Stop Privatization

Privatization continues to decimate public employment. Estimates show there are up to three times as many contract workers as there are federal public employees, with potentially millions more at the state and local levels. Privatization erodes and destroys existing public sector unions, driving down wages, benefits and working conditions. 

Although private contractors sometimes claim to be more cost efficient, contracting out services actually costs the federal government more money in 33 out of 35 occupations surveyed. Neither federal nor state governments have any reliable estimates of how much money is saved or, more likely, wasted through the use of profit-driven contractors, and this potentially corrupt process produces both increased costs to taxpayers and diminished levels of service. 

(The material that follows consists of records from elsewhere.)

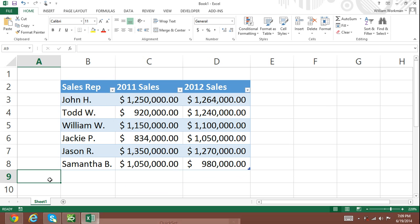The first thing that I'm going to show you is how simple it is to add a total row, which will greatly simplify using formulas and functions in Excel tables.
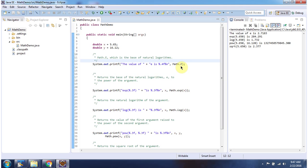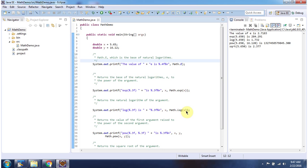Here I am printing Math.E and here you can see the output. Here I am doing Math.exp and passing x — x is 5.65 — and here you can see the output. Here I am doing Math.log and passing x — x is 5.65 — and here you can see the output.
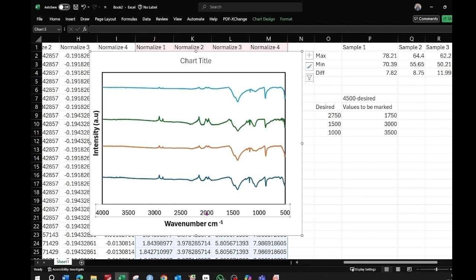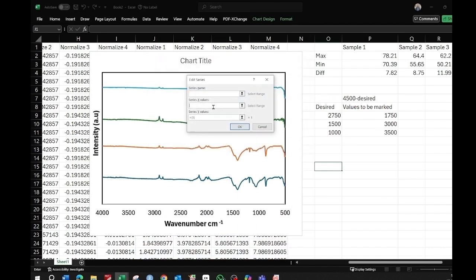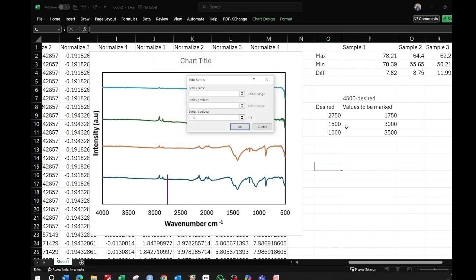To mark specific wave number values — for example 2750, 1500, and 1000 — right-click the x-axis and select data. Click Add and enter the x-axis value as 2750 twice, and in the y-axis give two values such as 0 and 2, then press OK. A small vertical line will be inserted at 2750. Repeat this for 1500 and 1000.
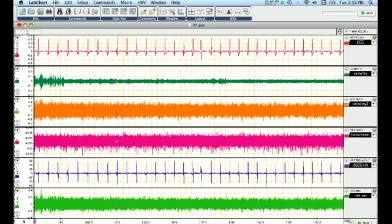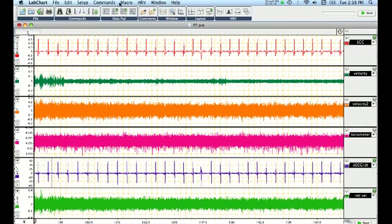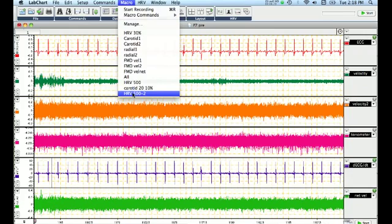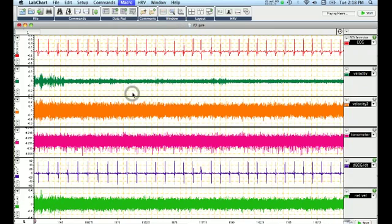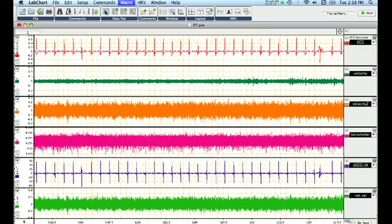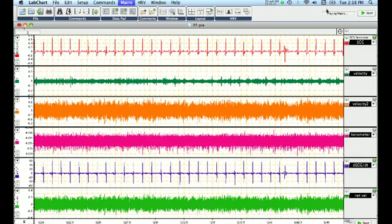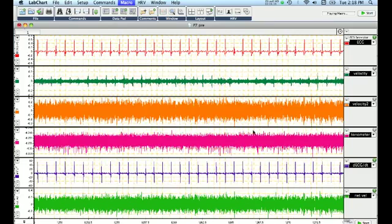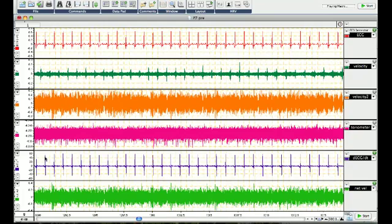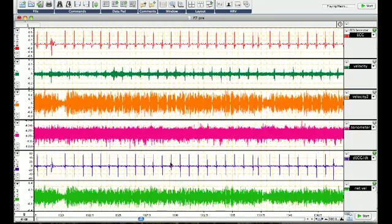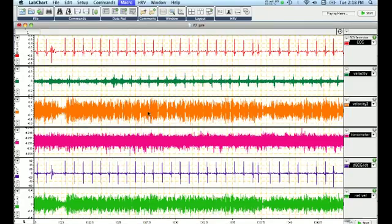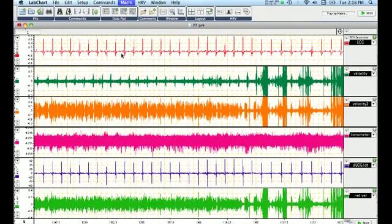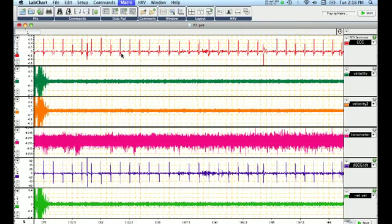So now we can run that macro by selecting an area on any channel, clicking macro, going to hrv500-2. Once I click this, you don't actually see much happening, but you'll notice that in the corner here, it's playing the macro, and every little while the screen updates. So in this particular case, that cursor is jumping from r-wave to r-wave, and dumping information about where it is relative to time into the data pad, and it continues this for 500 repeats.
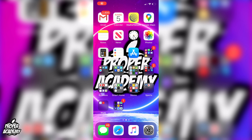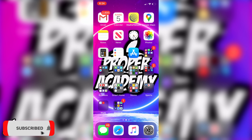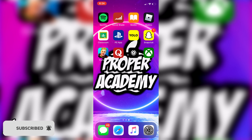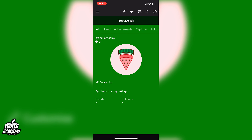Welcome back to the channel. In today's video I'm going to show you how to sign out of the Xbox app on your phone. Really easy and simple to do. Head over to the Xbox application and make sure that you're signed in — I currently am. If you're not, just sign in and then come back to where I am.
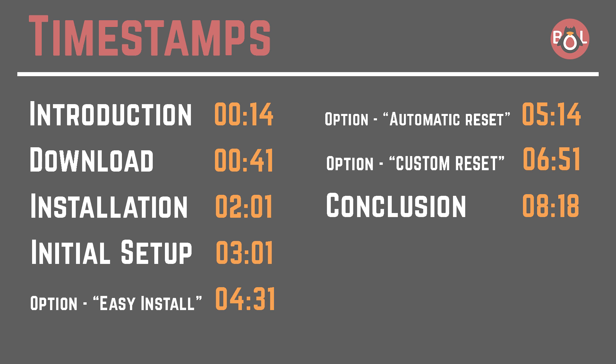Hello everybody and welcome back to this video on ByteLinux. In this one I'm going to be showing you an application called Resetter and what this is going to allow you to do is reset your Debian or Ubuntu based distribution back to the factory defaults.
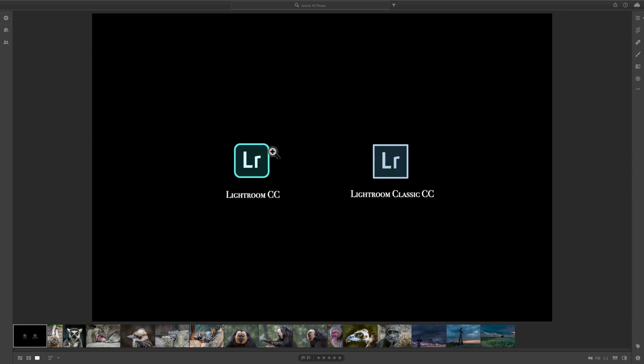Now, the thing that Lightroom CC does is your images are stored in the cloud. When you subscribe to the Creative Cloud package from Adobe, you'll get a certain amount of space in the cloud to store your images. If you have the photography membership, which most of the people that watch my videos have, you'll have 20 gigabytes of cloud storage, so you could store as many images as will fit up to that 20 gigabyte limit. If you have a full Creative Cloud membership, where you're subscribing to all the apps, you'll get 100 gigabytes of cloud storage.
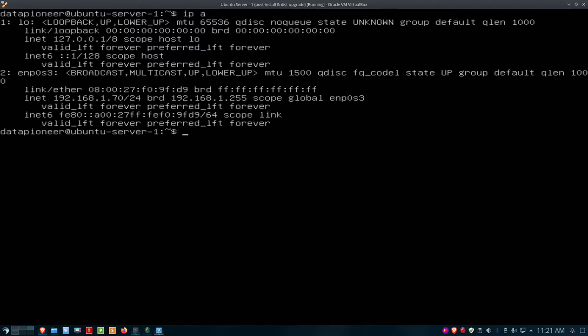ENP0S3 — for veterans who used to see ETH0 — stands for Ethernet Port 0 Socket 3. That's the connection to the LAN on this remote server. The IP address again is 192.168.1.70/24, so it's a Class C IP address.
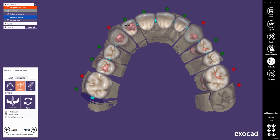And to finalize the arch setup. The chain mode is a great tool to do a full arch tooth placement. A few clicks are enough to do such a setup.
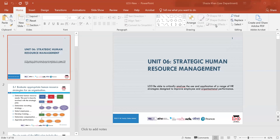Good afternoon and thank you for attending today's session. My name is Shazia Khan. The unit we'll be doing today is Unit 6, which is Strategic Human Resource Management. We're doing Learning Outcome 3 today. Learning Outcome 3 is to be able to critically analyse the use and application of a range of HR strategies designed to improve employee and organisational performance.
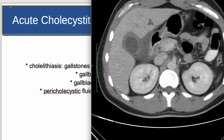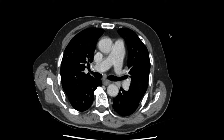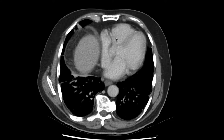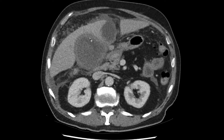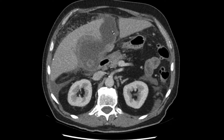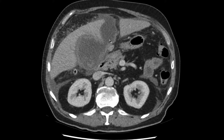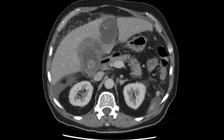Our next case demonstrates a complication of acute cholecystitis. This is a CT scan of the abdomen in a 74-year-old patient with right upper quadrant pain. Scrolling down, we can see the gallbladder is distended with thick walls containing a gallstone and pericholecystic stranding, indicating acute cholecystitis. On the left anterolateral aspect of the gallbladder, there is a lobulated fluid-density collection in segment four of the liver. There is a fistulous communication between the fluid collection and the gallbladder, and in this region the gallbladder wall is indistinct. This indicates that the gallbladder has in fact ruptured, resulting in a contained perforation and abscess within the liver.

Corporations benefiting from privatization range from some of the largest global conglomerates to front-group businesses created to take advantage of tax credits and bidding requirements. For example, West Virginia Paving Company turned out to be an out-of-state corporation using out-of-state employees to do jobs formerly done by local state employees. Repairs on West Virginia’s bridges, previously done by local workers in the state’s highway division were awarded to a Florida company banned in New Jersey because of safety violations. The Professional Services Council (PSC) acts as the national lobby group for the industry, bolstered by the ideologically reactionary American Legislative Exchange Council (ALEC), and national, state and local Chambers of Commerce. The privatization agenda has been taken up by both Republicans and Democrats as a way to increase political campaign contributions.

Public sector unions — including UE — have fought for higher wages and better working conditions for their members. These hard-fought gains can be erased overnight through privatization. Contract workers often face poverty wages and harsh working conditions and depend on government benefits such as food stamps to survive. Standards of living for such employees are generally precarious.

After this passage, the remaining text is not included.